Commensal Gut Microbiota Modulates the Susceptibility to Acetaminophen-Induced Hepatotoxicity

Overdose of acetaminophen (APAP) can cause severe hepatotoxicity. APAP-induced hepatotoxicity exhibits large inter-individual variability and the risk factor(s) for the susceptibility remain unclear. Human body harbors trillions of bacteria in the gut which have huge impact on host physiology.Therefore, we hypothesized that differential gut microbiota modulate APAP-induced hepatotoxicity and can be a potential risk factor for APAP hepatotoxicity In chapter 1, we summarize the mechanism of APAP-induced hepatotoxicity and previous studies which suggest the role of gut microbiota in APAP metabolism and/or APAP hepatotoxicity. In Chapter 2, our findings which suggest the role of gut microbiota in modulating the susceptibility to APAP toxicity and underlying mechanism are described. C57BL/6 mice from different vendors, Jackson (JAX) or Taconic (TAC), showed different response to APAP hepatotoxicity where TAC mice developed higher toxicity which disappeared upon cohousing.
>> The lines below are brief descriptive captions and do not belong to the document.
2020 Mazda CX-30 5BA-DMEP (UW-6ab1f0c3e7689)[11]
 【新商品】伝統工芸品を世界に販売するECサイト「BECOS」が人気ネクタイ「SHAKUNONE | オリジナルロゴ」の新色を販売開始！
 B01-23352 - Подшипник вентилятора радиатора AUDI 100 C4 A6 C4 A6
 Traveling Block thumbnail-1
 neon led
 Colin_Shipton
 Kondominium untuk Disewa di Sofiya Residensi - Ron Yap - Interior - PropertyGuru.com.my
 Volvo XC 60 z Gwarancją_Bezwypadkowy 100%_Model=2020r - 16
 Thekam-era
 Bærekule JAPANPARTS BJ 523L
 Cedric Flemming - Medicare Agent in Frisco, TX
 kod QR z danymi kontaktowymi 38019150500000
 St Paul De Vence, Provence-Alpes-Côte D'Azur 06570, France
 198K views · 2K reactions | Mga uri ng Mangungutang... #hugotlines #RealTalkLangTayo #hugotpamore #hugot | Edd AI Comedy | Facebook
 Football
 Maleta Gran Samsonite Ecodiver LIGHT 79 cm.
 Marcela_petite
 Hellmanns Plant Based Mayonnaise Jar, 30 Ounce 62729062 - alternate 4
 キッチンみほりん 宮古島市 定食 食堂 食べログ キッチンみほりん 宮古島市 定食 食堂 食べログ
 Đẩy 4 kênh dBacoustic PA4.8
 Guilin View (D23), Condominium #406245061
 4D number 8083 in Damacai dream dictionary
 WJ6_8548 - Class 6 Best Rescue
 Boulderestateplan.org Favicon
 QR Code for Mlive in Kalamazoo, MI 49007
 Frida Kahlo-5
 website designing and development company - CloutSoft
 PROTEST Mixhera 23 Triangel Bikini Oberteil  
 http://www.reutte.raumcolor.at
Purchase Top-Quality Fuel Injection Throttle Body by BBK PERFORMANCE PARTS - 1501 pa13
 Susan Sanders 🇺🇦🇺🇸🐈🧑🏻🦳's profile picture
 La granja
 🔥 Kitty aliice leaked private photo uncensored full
Transplantation of cecum materials collected from JAX or TAC mice to germ free (GF) mice recapitulated difference in APAP hepatotoxicity observed in JAX and TAC mice. Using unbiased metabolomics profiling with portal vein serum and liver tissues and in vitro toxicity screening test with mouse primary hepatocytes, we identified a gut microbiota-derived metabolite, 3-phenylpropionate (PPA) whose levels were higher in cecum and serum from mice harboring JAX gut microbiota, reduced APAP hepatotoxicity. Supplementation of PPA in drinking water alleviated APAP hepatotoxicity in vivo. To determine underlying mechanism of PPA mediated protection against APAP hepatotoxicity, we performed time course experiments using mice treated with PPA or normal water and found that PPA decreased CYP2E1 protein expression, a major drug metabolizing enzyme responsible for bioactivation of APAP to NAPQI, a toxic metabolite which consequently led to low bioactivation of APAP to NAPQI (a critical initiating step for APAP hepatotoxicity). Mice with JAX gut microbiota which increases PPA level in the host also exhibited lower CYP2E1 protein expression and activity of NAPQI formation. This suggest that JAX gut microbiota reduces APAP hepatotoxicity by increasing PPA level in the host which decreases CYP2E1 protein expression and thus NAPQI formation. Findings from this study demonstrated gut microbiota-liver interaction mediated by a gut bacteria-derived metabolite in modulating APAP hepatotoxicity.